Let us declare that the state of war does exist and shall exist so long as the Indian toiling masses and the natural resources are being exploited by a handful of parasites. They may be purely British Capitalist or mixed British and Indian or even purely Indian. They may be carrying on their insidious exploitation through mixed or even on purely Indian bureaucratic apparatus. All these things make no difference...But that war shall be incessantly waged without taking into consideration the petty (illegible) and the meaningless ethical ideologies. It shall be waged ever with new vigour, greater audacity and unflinching determination till the Socialist Republic is established and the present social order is completely replaced by a new social order, based on social prosperity and thus every sort of exploitation is put an end to and the humanity is ushered into the era of genuine and permanent peace.

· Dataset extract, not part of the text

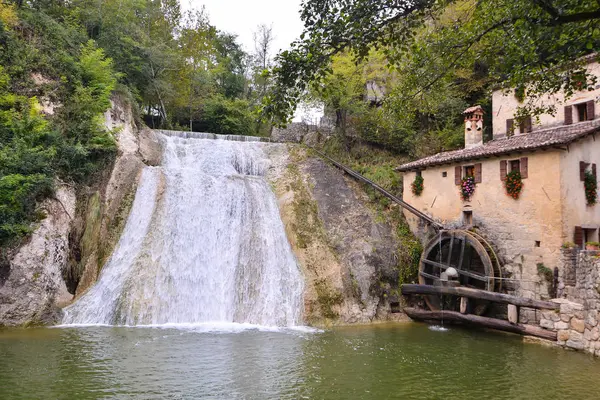 Foto Van Een Prachtige Waterval Met Waterval — Stockfoto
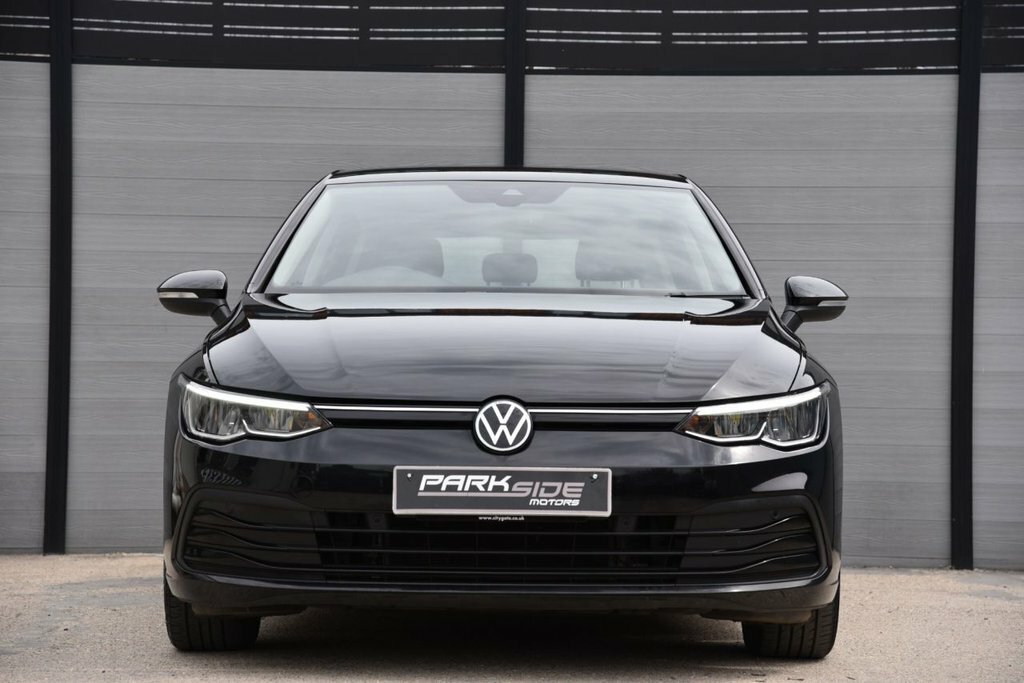 Volkswagen Golf 1.5L Life KT70FMA Black #4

In case this is not strong enough, please also note that Bhagat Singh sent this telegram to the Third International while in prison:

On Lenin Day we send hearty greetings to all who are doing something for carrying forward the ideas of the great Lenin. We wish success to the great experiment Russia is carrying out. We join our voice to that of the international working class movement. The proletariat will win. Capitalism will be defeated. Death to Imperialism.

Of course, the fact that there is an organisation called the Bhagat Singh KrantiSena which takes up solidly Leninist causes such as protesting against the shortening of the duration of the Amarnath yatra would have surely warmed the cockles of Singh’s heart were he alive. As will the fact that Narendra “Hindu Nationalist” Modi invokes his memory without having the faintest idea of what he died for.

This corruption of Bhagat Singh’s ideals does not stop at Socialism but extends even into his personal faith (or the lack of it). Singh was an avowed atheist and his pamphlet Why I am an Atheist, written a few months before he was murdered, is a crisp read which ends with a guarantee that he will remain a non-believer till the day he dies.

“One of my friends asked me to pray. When informed of my atheism, he said, “When your last days come, you will begin to believe.” I said, “No, dear sir, Never shall it happen. I consider it to be an act of degradation and demoralisation. For such petty selfish motives, I shall never pray.”

By all accounts, he lived up to his promise. And ever since he seriously entered politics he had given up even the external vestiges of his original Sikh faith. He didn’t wear a turban or sport facial hair. Yet, so many stylised drawings of Singh today have him both wearing a dastaar as well with a beard. It’s like modern India is uncomfortable with the idea of an irreligious man, so it’s trying so hard to make Singh into something he was not; a rather unfortunate state of affairs. You might not agree with Bhagat Singh’s irreligiosity, his Socialism or any of his the other ideals that he died for, but given the extreme bravery and sacrifice that he displayed, the least you can do is to not distort his life.